> Task requirements
Once the line with "Black Onyx and" is found in the entries below, repeat it and each following line exactly, up to and including the line with "L & R Red LED". Add no other lines.

Top of Supplied entries

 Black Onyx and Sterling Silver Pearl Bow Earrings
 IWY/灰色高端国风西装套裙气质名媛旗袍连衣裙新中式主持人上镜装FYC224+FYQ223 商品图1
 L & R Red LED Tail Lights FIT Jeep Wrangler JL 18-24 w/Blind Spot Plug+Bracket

Bottom of Supplied entries
Top of Supplied entries

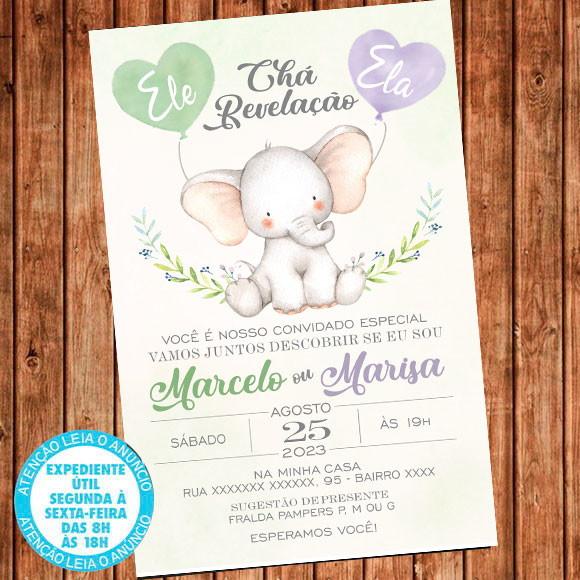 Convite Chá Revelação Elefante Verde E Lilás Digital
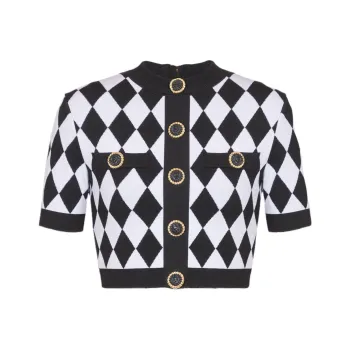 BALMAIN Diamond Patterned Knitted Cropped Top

Bottom of Supplied entries

> Response to this exercise
 Black Onyx and Sterling Silver Pearl Bow Earrings
 IWY/灰色高端国风西装套裙气质名媛旗袍连衣裙新中式主持人上镜装FYC224+FYQ223 商品图1
 L & R Red LED Tail Lights FIT Jeep Wrangler JL 18-24 w/Blind Spot Plug+Bracket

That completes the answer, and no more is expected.